Дети усмотрели, что большой участок разделен на одичавшую парковую часть со старыми хвойными великанами и на собственно сад, где бросались в глаза изобильные, хотя пока и голые фруктовые деревья, цветочные клумбы и целые заросли кустарников-ягодников. Изгородь из колючего барбариса отделяла сад от огорода, граничащего с лесом.
В доме детям понравилось сразу.
Из сеней они попали в большую прихожую с железной печуркой (на всякий случай — что-нибудь согреть или просушить на скорую руку), дальше шла обширная столовая в три окна и с висячей люстрой, а из столовой вела дверь в детскую. Там стояли две застеленные кровати, а главное — уютное огромное кресло, куда можно было обоим забираться с ногами и слушать Конан Дойля на русском или Карла Майя на немецком.

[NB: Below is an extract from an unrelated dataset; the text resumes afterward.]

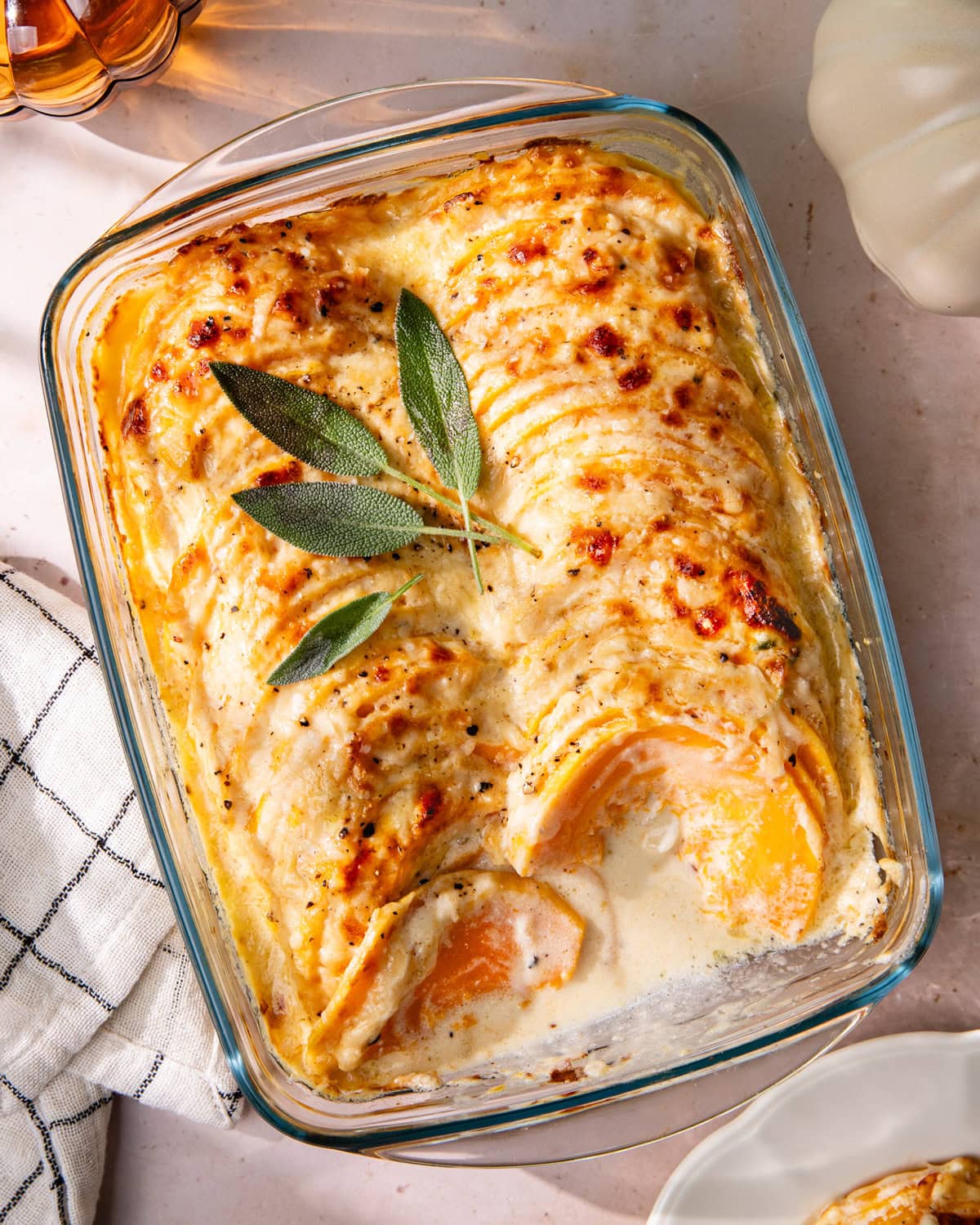 Plat de gratin de courge butternut à la sauge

Другая дверь из прихожей вела в спальню родителей, с окнами в парковую часть сада. Главными примечательностями дома были: пианино хорошей немецкой марки в столовой и красивая изразцовая печь, обогревавшая сразу все три покоя и топившаяся из прихожей. И еще очень радовала огромная застекленная терраса, примыкавшая к столовой. Дверь на террасу была еще по-зимнему заклеена, но конечно там, на такой великолепной террасе, и пойдет вся летняя домашняя жизнь Роника и Вики! Кухня отделена от комнат сенями. Нанята из соседней деревни, что в трех верстах, приходящая прислуга Дуня. Она сразу же показала хозяйке большую кухонную плиту, огромную деревянную лохань о трех ножках и обильную утварь, расставленную и развешенную по стенам. Кухню, оказывается, легко превращать и в баню, и в прачечную.
Все это было просто прекрасно! Но...
Чем больше радовались дети новому жизнеустройству, тем горше думалось о... прежних обитателях. Тут ведь тоже жили дети, а с ними кися, собака, может, и какие-нибудь комнатные пичуги... Лошадка у них тоже была, своя, любимая... Кажется, они были землевладельцами и заводчиками? Должно быть, мелкими: дом-то невелик и не роскошен, вещи уютные, ухоженные, но не богатые. Верно, люди любили свой дом, и террасу, и печь... Где они теперь?
Как слышали от папы, он здесь, по приезде, не застал уже никого — прежних владельцев успели «забрать и выселить». Так выразился по дороге кучер, человек тоже новый. Теперь здесь все новые: и начальник дружины Москвотопа военспец Вальдек, и его «помощник по рабочей части» Соловьев, занимающий верхний теплый мезонин, и сторож Корней Иванович Дрозд, поселившийся в домике-сторожке у подъездной аллеи, все — пришлые, чужие. Хозяева-же — где-то далеко.